● **Exercise details**
Which of the lines below include the word "Right"? Pull each one out.
START Input for this task
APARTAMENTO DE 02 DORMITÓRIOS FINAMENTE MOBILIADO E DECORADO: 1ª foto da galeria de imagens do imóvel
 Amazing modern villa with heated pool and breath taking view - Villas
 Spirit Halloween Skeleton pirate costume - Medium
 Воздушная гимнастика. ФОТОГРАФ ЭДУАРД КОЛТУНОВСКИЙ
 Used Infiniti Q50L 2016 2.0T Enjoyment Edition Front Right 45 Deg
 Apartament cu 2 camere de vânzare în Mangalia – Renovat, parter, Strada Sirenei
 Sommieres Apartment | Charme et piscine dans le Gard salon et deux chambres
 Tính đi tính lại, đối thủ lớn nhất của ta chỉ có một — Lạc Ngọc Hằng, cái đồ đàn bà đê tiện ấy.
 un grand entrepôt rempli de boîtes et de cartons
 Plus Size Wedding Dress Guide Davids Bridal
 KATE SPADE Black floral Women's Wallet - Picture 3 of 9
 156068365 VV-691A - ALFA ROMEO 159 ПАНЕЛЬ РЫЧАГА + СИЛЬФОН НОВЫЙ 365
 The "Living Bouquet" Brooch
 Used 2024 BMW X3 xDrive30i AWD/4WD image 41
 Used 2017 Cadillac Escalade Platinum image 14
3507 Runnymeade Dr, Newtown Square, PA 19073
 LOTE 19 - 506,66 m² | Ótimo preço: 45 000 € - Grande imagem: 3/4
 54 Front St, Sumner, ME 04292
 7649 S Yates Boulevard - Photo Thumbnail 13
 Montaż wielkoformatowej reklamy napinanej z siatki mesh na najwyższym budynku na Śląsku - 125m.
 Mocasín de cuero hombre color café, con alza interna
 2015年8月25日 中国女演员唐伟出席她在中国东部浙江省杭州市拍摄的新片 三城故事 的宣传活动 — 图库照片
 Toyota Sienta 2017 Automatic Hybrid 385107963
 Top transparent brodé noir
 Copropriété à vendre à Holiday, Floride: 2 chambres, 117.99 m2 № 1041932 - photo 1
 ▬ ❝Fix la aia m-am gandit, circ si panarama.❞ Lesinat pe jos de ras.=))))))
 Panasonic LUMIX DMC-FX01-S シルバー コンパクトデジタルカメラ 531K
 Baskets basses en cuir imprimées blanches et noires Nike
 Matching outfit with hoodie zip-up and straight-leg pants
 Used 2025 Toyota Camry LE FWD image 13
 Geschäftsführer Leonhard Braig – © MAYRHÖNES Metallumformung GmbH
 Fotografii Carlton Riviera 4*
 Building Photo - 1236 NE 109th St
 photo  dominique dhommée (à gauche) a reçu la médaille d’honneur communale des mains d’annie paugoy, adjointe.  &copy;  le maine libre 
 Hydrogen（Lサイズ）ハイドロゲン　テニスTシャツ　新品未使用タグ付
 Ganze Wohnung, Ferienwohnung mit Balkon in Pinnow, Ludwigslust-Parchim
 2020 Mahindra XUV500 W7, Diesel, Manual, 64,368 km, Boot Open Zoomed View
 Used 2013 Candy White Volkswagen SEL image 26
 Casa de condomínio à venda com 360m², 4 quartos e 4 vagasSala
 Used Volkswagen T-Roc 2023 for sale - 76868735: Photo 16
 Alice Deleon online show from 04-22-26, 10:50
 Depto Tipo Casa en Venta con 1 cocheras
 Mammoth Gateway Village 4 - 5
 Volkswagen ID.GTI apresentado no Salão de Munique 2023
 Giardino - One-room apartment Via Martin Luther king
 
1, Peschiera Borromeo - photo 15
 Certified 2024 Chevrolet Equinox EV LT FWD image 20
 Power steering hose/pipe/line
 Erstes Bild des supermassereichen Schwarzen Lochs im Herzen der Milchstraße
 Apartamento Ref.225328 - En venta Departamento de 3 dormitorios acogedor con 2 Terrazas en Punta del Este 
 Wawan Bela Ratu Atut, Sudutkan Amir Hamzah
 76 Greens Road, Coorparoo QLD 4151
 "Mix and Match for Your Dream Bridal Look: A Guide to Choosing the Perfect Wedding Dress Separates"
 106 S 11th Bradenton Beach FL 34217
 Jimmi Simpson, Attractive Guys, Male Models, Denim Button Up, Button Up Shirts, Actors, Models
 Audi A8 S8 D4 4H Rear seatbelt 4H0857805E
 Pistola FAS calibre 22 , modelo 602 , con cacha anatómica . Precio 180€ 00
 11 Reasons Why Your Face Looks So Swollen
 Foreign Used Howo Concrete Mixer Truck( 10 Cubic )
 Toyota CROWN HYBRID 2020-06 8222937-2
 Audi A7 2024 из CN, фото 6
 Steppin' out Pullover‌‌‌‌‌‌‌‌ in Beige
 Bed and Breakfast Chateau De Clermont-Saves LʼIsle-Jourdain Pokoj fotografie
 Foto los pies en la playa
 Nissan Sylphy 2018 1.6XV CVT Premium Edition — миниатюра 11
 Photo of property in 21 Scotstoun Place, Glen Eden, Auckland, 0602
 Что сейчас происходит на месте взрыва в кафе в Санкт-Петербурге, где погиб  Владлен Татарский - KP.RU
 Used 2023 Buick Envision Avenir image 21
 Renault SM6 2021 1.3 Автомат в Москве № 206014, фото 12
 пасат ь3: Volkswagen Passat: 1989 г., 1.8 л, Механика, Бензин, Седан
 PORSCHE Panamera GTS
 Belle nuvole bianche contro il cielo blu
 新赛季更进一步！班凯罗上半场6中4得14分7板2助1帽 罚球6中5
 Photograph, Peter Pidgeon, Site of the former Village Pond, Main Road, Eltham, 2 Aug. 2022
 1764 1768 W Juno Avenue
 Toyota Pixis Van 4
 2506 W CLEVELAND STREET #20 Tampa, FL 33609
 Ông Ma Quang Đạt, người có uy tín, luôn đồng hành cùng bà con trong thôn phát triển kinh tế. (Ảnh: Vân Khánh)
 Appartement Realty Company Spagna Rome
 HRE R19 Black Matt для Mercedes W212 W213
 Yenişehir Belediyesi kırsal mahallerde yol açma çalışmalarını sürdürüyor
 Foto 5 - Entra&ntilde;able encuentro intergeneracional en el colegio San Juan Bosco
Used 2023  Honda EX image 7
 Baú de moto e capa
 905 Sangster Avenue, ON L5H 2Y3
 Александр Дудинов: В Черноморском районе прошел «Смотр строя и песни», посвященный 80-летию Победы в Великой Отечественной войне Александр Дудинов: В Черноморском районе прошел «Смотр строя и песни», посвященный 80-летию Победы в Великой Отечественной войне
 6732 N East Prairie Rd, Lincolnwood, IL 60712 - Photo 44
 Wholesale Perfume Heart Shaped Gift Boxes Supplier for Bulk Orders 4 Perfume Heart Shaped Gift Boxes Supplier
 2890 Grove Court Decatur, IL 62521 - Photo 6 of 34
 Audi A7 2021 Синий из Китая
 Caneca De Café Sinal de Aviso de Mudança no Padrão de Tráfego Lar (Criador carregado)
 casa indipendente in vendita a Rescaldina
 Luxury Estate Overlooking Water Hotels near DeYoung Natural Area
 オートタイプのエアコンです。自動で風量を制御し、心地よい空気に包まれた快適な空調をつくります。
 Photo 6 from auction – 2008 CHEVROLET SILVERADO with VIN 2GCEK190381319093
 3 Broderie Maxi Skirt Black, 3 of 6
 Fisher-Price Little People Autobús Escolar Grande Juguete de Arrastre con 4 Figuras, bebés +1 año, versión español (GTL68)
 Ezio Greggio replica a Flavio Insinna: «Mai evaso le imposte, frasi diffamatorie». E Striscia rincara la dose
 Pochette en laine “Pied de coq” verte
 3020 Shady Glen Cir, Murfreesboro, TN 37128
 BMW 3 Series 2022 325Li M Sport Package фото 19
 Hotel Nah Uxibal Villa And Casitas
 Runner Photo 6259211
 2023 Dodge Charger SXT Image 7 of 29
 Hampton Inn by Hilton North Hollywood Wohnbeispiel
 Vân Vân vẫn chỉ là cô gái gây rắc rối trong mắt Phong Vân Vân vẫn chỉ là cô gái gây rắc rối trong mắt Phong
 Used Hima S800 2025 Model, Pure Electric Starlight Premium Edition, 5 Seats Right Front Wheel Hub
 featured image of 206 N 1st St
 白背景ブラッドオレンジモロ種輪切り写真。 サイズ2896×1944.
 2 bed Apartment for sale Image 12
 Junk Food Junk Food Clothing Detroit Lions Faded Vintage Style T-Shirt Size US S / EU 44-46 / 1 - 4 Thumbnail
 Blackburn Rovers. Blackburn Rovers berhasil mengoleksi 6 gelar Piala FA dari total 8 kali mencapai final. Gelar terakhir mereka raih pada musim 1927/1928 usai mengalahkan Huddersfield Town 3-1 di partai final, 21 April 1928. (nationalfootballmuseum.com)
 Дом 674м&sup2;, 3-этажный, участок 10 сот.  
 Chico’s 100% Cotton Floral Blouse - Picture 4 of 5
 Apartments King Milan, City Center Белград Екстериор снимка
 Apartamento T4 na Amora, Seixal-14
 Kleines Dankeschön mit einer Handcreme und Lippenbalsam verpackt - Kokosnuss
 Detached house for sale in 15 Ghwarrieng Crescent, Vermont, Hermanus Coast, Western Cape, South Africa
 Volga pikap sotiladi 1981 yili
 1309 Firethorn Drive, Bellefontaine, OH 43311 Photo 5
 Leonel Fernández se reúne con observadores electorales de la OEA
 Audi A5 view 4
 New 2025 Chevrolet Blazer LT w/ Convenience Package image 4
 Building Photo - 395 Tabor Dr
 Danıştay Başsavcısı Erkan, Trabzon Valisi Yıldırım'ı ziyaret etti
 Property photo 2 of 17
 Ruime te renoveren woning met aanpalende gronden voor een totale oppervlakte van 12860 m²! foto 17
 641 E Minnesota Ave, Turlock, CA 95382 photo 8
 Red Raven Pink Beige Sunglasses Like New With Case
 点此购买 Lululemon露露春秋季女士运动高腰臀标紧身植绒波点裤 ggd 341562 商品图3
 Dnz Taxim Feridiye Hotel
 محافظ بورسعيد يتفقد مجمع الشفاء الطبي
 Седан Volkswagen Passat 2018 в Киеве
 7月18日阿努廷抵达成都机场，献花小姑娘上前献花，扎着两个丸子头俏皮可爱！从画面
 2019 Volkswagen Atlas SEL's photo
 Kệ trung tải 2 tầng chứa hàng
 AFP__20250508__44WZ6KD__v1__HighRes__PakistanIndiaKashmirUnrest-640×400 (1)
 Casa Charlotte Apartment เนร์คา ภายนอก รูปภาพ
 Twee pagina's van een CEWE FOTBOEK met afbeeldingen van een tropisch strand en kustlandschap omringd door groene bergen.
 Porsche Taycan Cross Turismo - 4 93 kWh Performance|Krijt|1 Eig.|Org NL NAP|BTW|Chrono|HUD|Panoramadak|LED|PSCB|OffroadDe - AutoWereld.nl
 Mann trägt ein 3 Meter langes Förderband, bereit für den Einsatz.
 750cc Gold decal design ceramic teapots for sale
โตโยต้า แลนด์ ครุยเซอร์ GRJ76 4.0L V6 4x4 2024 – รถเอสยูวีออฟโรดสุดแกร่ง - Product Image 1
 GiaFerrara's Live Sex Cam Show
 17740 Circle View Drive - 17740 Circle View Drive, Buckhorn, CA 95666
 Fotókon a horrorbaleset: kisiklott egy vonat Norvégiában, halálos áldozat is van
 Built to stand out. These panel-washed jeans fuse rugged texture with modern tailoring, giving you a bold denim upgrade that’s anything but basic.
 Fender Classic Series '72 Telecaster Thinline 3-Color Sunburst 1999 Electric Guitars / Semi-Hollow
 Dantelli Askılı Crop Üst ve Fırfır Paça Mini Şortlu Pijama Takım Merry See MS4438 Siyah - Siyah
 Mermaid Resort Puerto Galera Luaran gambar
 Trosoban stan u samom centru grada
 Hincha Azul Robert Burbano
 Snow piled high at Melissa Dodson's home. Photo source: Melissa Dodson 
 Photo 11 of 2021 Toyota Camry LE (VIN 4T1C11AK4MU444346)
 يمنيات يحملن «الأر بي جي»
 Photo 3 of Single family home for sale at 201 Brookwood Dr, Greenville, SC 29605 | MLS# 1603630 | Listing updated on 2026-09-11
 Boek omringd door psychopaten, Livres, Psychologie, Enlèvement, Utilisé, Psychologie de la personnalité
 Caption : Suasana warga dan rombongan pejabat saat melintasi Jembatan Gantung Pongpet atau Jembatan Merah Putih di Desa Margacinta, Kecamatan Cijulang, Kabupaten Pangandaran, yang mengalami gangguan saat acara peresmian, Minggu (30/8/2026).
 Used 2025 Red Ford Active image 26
END Input for this task
● **Output for this task**
 Used Infiniti Q50L 2016 2.0T Enjoyment Edition Front Right 45 Deg
 Used Hima S800 2025 Model, Pure Electric Starlight Premium Edition, 5 Seats Right Front Wheel Hub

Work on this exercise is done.